***** Provided material

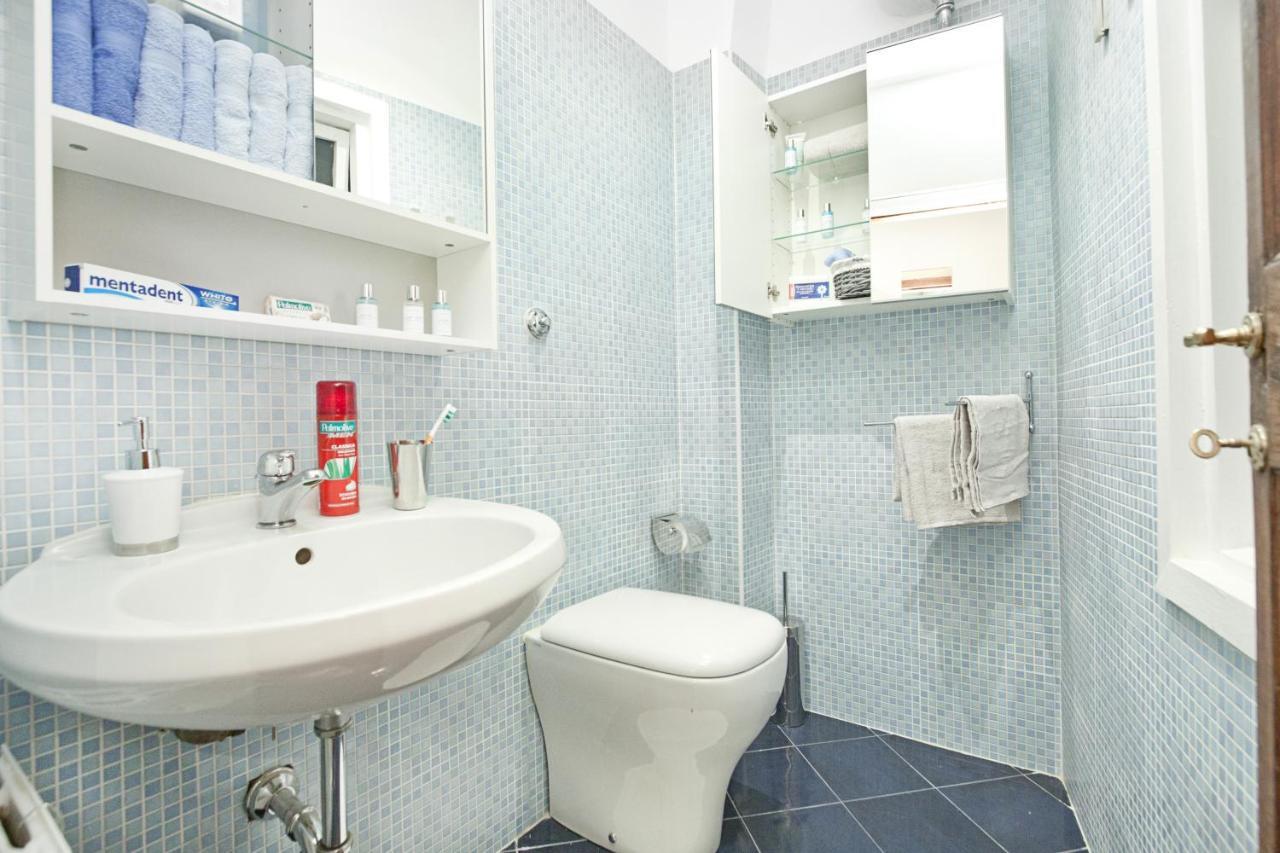 Arenula Luxury Apartment روما المظهر الخارجي الصورة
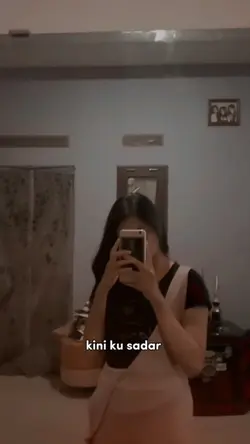 kini ku sadar sekop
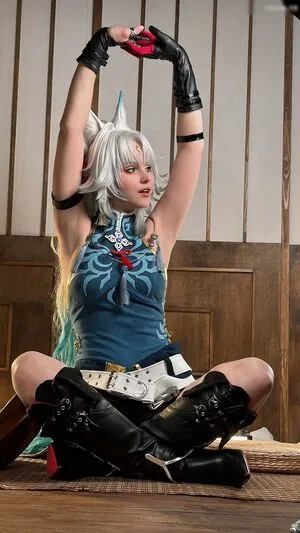 Shirogane_sama OnlyFans Leaked Free Thumbnail Picture - #npgKkQIxDK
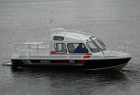 Grizzly 740 CABIN PRO JET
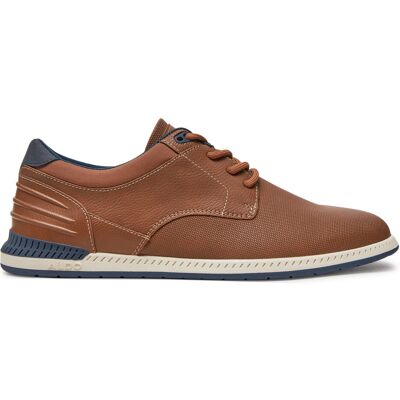 Halbschuhe Aldo Dinbrenn 13665221 Braun 42 male Halbschuhe Aldo Dinbrenn 13665221 Braun 42 male
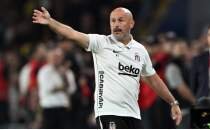 Italiano: 'Ara sonras� daha g��l� olaca��z'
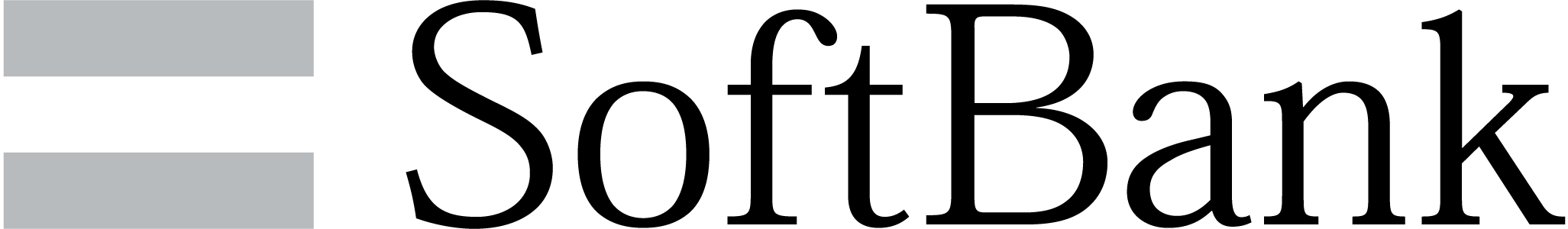 SoftBank Group Logo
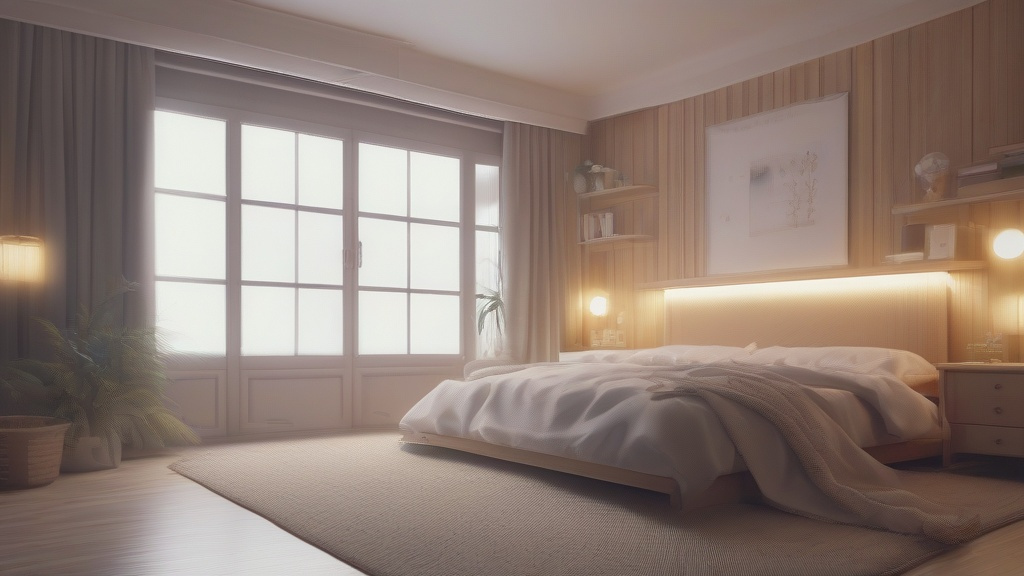 助眠产品使用指南：睡前必须避开的5大禁忌行为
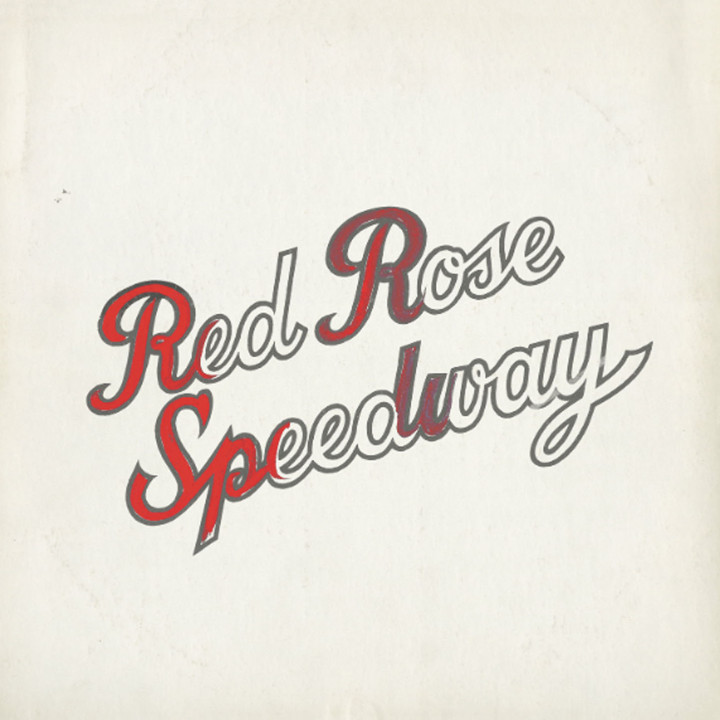 Red Rose Speedway Double Album Edition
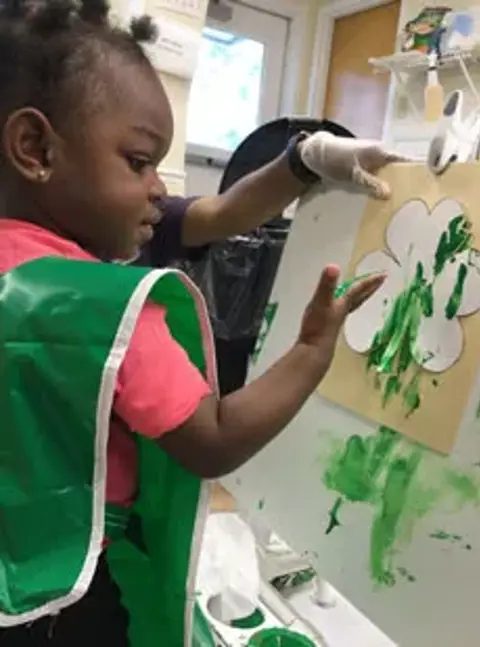 Daycare Near Columbia 5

**********

### Instructions for the task
Your output should be exactly the lines of the records above from the one with "kini ku sadar sekop" through the last, both ends included, with pictures excluded.

### Completed exercise
 kini ku sadar sekop
 Shirogane_sama OnlyFans Leaked Free Thumbnail Picture - #npgKkQIxDK
 Grizzly 740 CABIN PRO JET
 Halbschuhe Aldo Dinbrenn 13665221 Braun 42 male Halbschuhe Aldo Dinbrenn 13665221 Braun 42 male
 Italiano: 'Ara sonras� daha g��l� olaca��z'
 SoftBank Group Logo
 助眠产品使用指南：睡前必须避开的5大禁忌行为
 Red Rose Speedway Double Album Edition
 Daycare Near Columbia 5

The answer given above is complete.